[<prev] [next>] [<thread-prev] [thread-next>] [day] [month] [year] [list]
Message-ID: <CAHk-=wjRpCS3oAJHVfByDoaj0-tAhV5a5YKV7QssUdMOAm8bAg@mail.gmail.com>
Date: Mon, 24 Oct 2022 12:08:49 -0700
From: Linus Torvalds <torvalds@...ux-foundation.org>
To: Steven Rostedt <rostedt@...dmis.org>
Cc: LKML <linux-kernel@...r.kernel.org>,
Peter Zijlstra <peterz@...radead.org>,
Kees Cook <keescook@...omium.org>,
Dave Hansen <dave.hansen@...el.com>,
Sean Christopherson <seanjc@...gle.com>
Subject: Re: [PATCH] x86/mm: Do not verify W^X at boot up
On Mon, Oct 24, 2022 at 11:52 AM Steven Rostedt <rostedt@...dmis.org> wrote:
>
> It's not just speed up at boot up. It's because text_poke doesn't work at
> early boot up when function tracing is enabled. If I remove the
> SYSTEM_BOOTING checks in text_poke() this happens:
Let's just fix that up.
>
> [ 1.013753] BUG: kernel NULL pointer dereference, address: 0000000000000048
This is due to
__get_locked_pte:
0: 0f 1f 44 00 00 nopl 0x0(%rax,%rax,1)
5: 48 89 f0 mov %rsi,%rax
8: 41 55 push %r13
a: 48 c1 e8 24 shr $0x24,%rax
e: 41 54 push %r12
10: 25 f8 0f 00 00 and $0xff8,%eax
15: 55 push %rbp
16: 53 push %rbx
17:* 48 03 47 48 add 0x48(%rdi),%rax <-- trapping instruction
1b: 0f 84 c4 00 00 00 je 0xe5
21: 49 89 fc mov %rdi,%r12
24: 48 8b 38 mov (%rax),%rdi
27: 48 89 f3 mov %rsi,%rbx
2a: 48 89 c5 mov %rax,%rbp
and that 'addq' seems to be walk_to_pmd() doing
pgd = pgd_offset(mm, addr);
with a zero mm (that's 'mm->pgd').
And that, in turn, seems to be due to the absolutely disgusing 'poking_mm' hack.
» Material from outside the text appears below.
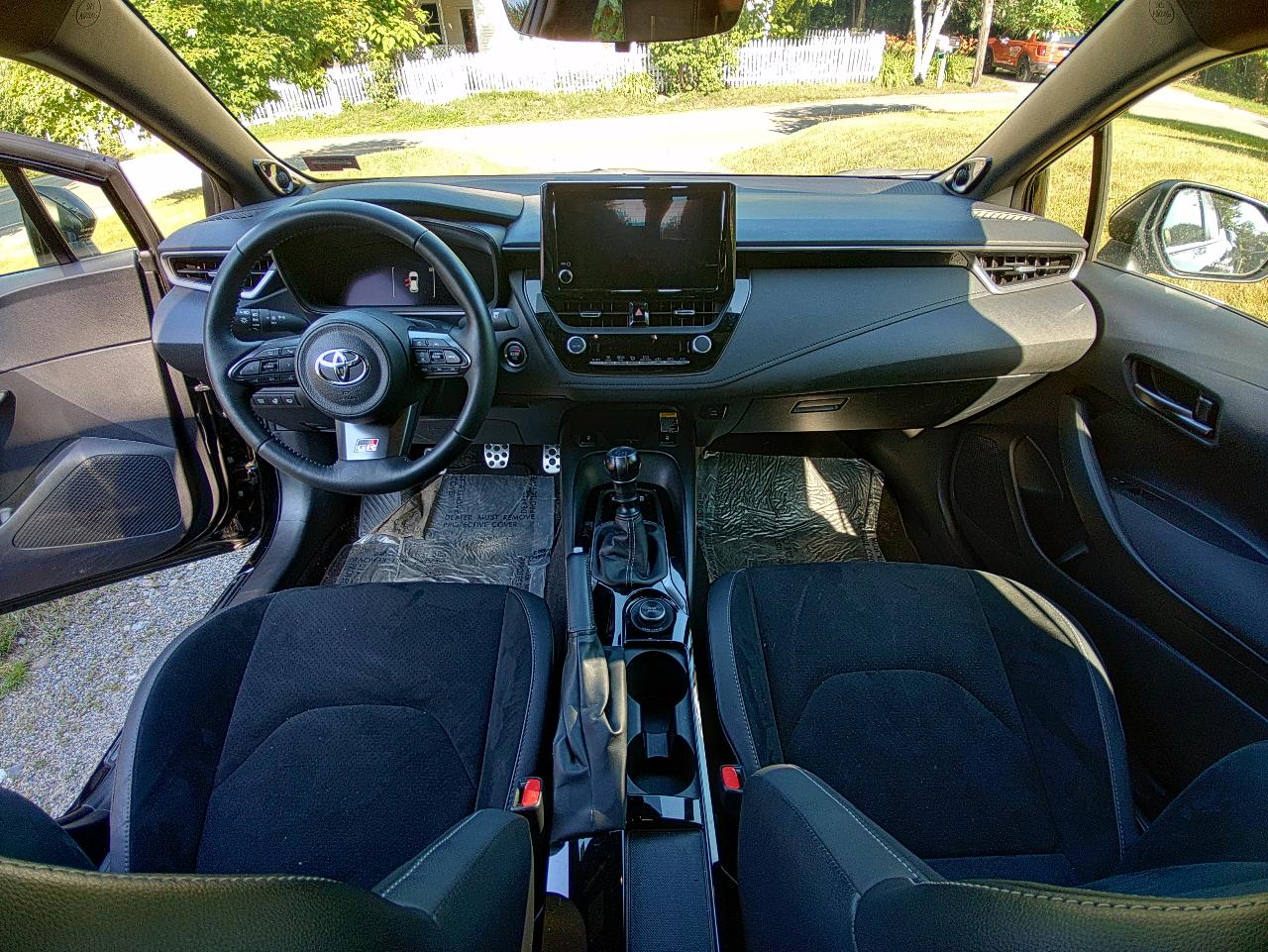 2024 Toyota GR COROLLA PREMIUM — фото 7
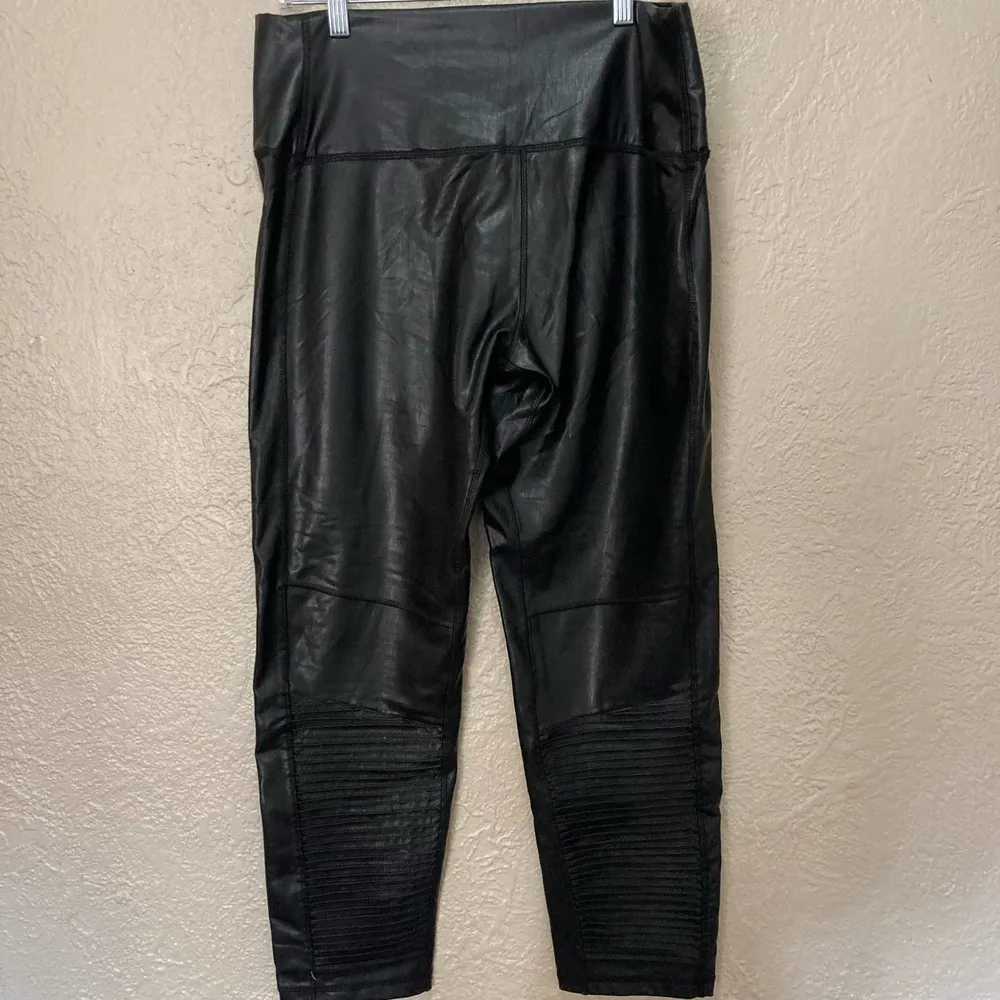 NWT 7 for All Mankind Faux Leather Moto Leggings Size XL - Image 4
> Interrupts haven't been enabled yet, so things are still rather fragile at
> this point of start up.
I don't think this has anything to do with interrupts. We do need the
page structures etc to be workable, but all the tracing setup needs
that *anyway*.
I suspect it would be fixed by just moving 'poking_init()' earlier. In
many ways I suspect it would make most sense as part of 'mm_init()',
not as a random call fairly late in start_kernel().
In other words, this all smells like "people added special cases
because they didn't want to hunt down the underlying problem".
And then all these special cases beget other special cases.